Brigandine: The Legend of Runersia is one-part strategy game, one-part turn-based RPG. Developed by Matrix Software and published by Happinet, Brigandine: The Legend of Runersia is a sequel to the 1998 title Brigandine: The Legend of Forsena. A series of events leads to an intricate war between six nations, some of which possess powerful armor relics called Brigandines – it’s an all-out war for total control of Runersia. Do you have the mental fortitude to lead your nation to victory over all the others?
The story here presents players with a tale of a magical land where people are granted extraordinary strength, power, and knowledge through a never-ending supply of mana that rains down upon them. You choose from one of six warring nations to control, ranging from monarchies to democracies with some fun offshoots such as isolationist matriarchies – the Shinobi tribe, who I ended up favoring during my time with the game. The story is a bit on the heavy side, so there are going to be walls of text for you to go through.
Brigandine: The Legend of Runersia features no English voice acting, which means there is a lot to read to keep up with the plot of the game. Amongst these men and women are rune knights, unique warriors who are blessed by mana with the ability to control armies of monsters and wield powerful magic spells. Rune knights amass armies and fight one another for control of Runersia whilst trying to get their hands on the Brigandines, pieces of armor that have been embedded with potent mana stones that give the wearer even stronger powers.
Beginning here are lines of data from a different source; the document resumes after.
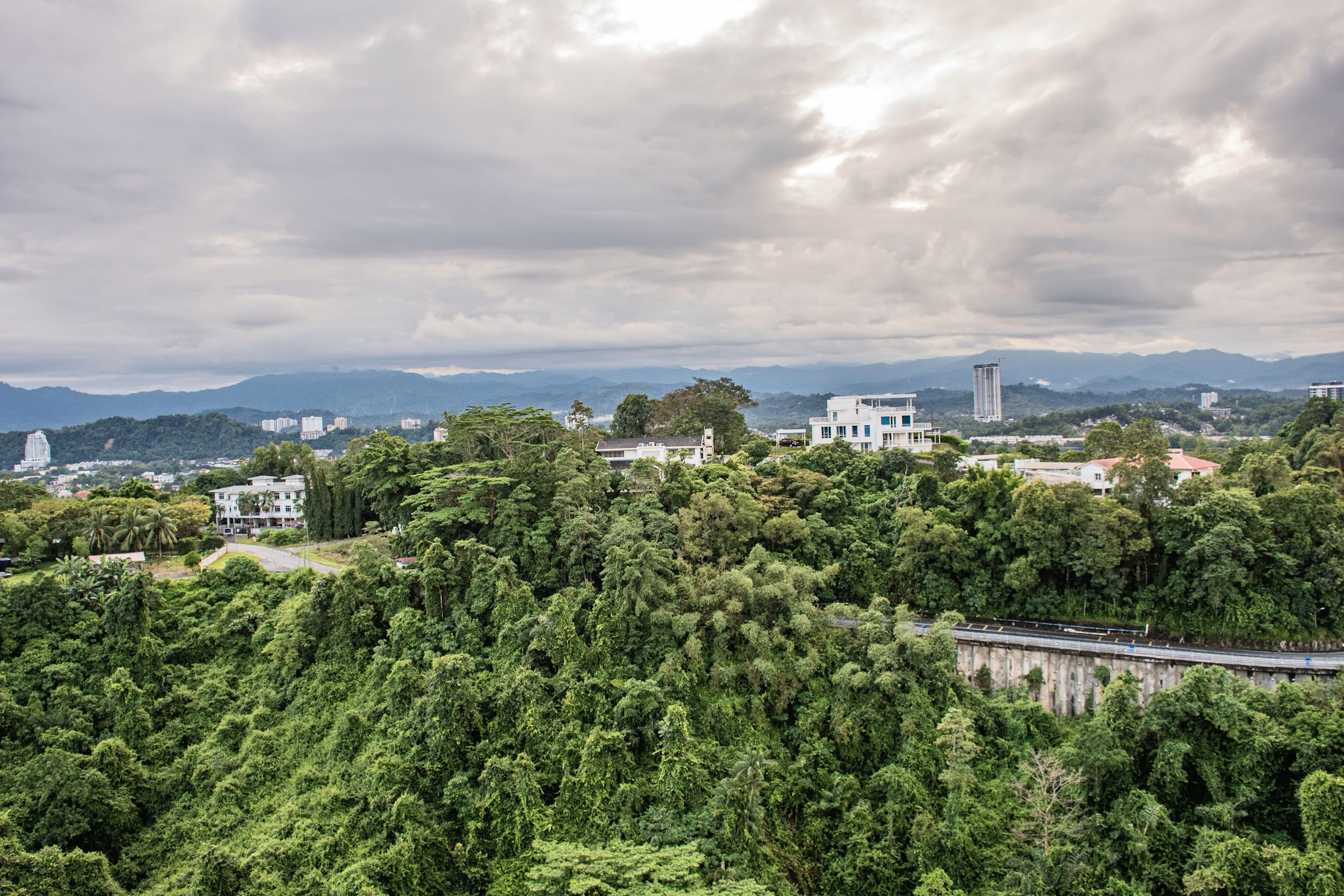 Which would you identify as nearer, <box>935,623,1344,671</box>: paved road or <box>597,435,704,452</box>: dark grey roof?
<box>935,623,1344,671</box>: paved road

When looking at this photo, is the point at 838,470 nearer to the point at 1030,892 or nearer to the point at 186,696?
the point at 1030,892

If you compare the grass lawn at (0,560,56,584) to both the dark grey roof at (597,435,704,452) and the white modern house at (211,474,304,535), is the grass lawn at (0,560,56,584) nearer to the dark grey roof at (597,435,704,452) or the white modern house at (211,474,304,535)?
the white modern house at (211,474,304,535)

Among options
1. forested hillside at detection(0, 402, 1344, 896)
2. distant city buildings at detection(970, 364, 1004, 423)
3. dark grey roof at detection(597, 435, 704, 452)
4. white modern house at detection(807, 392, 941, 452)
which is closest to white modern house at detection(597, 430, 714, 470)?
dark grey roof at detection(597, 435, 704, 452)

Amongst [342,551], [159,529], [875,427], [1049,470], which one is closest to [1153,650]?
[1049,470]

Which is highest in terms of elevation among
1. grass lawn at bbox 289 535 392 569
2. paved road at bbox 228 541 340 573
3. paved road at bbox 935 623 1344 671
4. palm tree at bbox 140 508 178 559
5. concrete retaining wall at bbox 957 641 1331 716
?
palm tree at bbox 140 508 178 559

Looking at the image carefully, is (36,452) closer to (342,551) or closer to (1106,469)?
(342,551)

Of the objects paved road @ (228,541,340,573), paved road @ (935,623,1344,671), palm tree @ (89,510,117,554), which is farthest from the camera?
palm tree @ (89,510,117,554)

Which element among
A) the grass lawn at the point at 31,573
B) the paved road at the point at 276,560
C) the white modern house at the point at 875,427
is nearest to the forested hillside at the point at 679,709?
the paved road at the point at 276,560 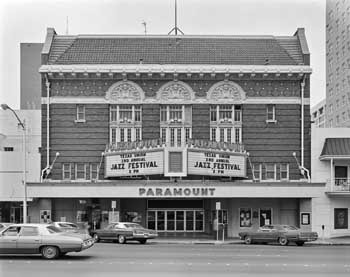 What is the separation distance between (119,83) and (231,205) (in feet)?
39.6

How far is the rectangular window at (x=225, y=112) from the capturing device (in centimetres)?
4517

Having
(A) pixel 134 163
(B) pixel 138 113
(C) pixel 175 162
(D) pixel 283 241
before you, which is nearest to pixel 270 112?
(C) pixel 175 162

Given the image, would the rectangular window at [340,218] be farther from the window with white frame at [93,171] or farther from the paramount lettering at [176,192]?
the window with white frame at [93,171]

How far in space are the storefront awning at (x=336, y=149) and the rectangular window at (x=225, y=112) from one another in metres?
7.23

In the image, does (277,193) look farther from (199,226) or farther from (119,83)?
(119,83)

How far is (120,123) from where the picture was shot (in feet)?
147

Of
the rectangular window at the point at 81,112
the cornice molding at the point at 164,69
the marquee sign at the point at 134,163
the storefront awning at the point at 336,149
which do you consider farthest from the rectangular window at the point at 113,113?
the storefront awning at the point at 336,149

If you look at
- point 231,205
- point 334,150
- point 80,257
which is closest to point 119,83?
point 231,205

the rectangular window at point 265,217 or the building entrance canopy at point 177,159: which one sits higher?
the building entrance canopy at point 177,159

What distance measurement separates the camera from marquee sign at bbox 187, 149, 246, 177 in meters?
41.0

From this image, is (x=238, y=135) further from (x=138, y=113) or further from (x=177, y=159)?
(x=138, y=113)

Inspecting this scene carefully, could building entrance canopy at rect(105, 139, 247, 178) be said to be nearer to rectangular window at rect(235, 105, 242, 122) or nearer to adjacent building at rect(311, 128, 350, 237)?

You’ll even have cutscenes interrupt battles to add character building!
The plot here acts as a fairly convoluted vessel to get the player to the meat and potatoes: the gameplay. Do you like the board game RISK? I personally have fond memories of playing the game for hours as a kid with my aunt and grandmother. All of those memories rushed back to me as I played through Brigandine: The Legend of Runersia. Easy Mode gives you limitless time to conquer Runersia, whilst Normal and Hard charge you with completing your objective in 120 or 60 seasons (turns), respectively. Each season features three stages: Organization, Attack, and Battle.
The Organization phase is where the RISK vibes come through strongest. You’ll use this phase to send your troops to the landmarks controlled by your nation. You’ll also use this phase to upgrade your units and summon additional monsters. Each of your rune knights will have a class and mana allocation. You can summon monsters to replace those that have fallen in battle. You can also change the class of your knights to further balance your army, but only before you’ve upgraded that knight. There is a lot of depth to this system, and you’ll spend a lot of time in the organization phase just tinkering with your army, upgrading, and moving units around to both protect choke points and position your troops for the attack.
The Attack phase has you choosing units in one territory to attack a connected adjacent territory. It requires you to move your troops around in advance to plan these attacks, and moving takes a full season. Once in position to strike, it’s time to enter battle! The strategy RPG elements of Brigandine: The Legend of Runersia come through strongest in battles. Units entering battle are all placed on a hexagonal grid system featuring different terrain to traverse and unique enemies to stamp out.
Here you can really take advantage of the diversity of your team by leveraging the game’s weakness system, which is similar to other RPGs like Pokémon, where certain attacks are more effective against certain enemy types. Getting just the right attack off at an opportune moment is made that much more satisfying by exploiting those matchups. If you lose a knight or are able to conquer an enemy knight, they will leave the battle with all their troops in tow. These chess matches can become a little long in the tooth, but the developer has thought of this when they saw fit to add autoplay options for both text and combat inside and outside of battle.
RISK meets turn-based strategy RPG. If that ticks any boxes, I’m sure you’ll enjoy your time with Brigandine: The Legend of Runersia. The story can be a lot to wrap your head around, especially if you plan on playing as multiple nations to get the whole picture. Battles are long, but the variation between the area control and turn-based battles strikes a very innovative and interesting balance in the gameplay. English voice acting would’ve been nice here, but it’s not a deal-breaker. Brigandine: The Legend of Runersia is available now for the PS4 for an MSRP of $49.99 USD.
This Brigandine: The Legend of Runersia review is based on a PlayStation 4 copy provided by Happinet.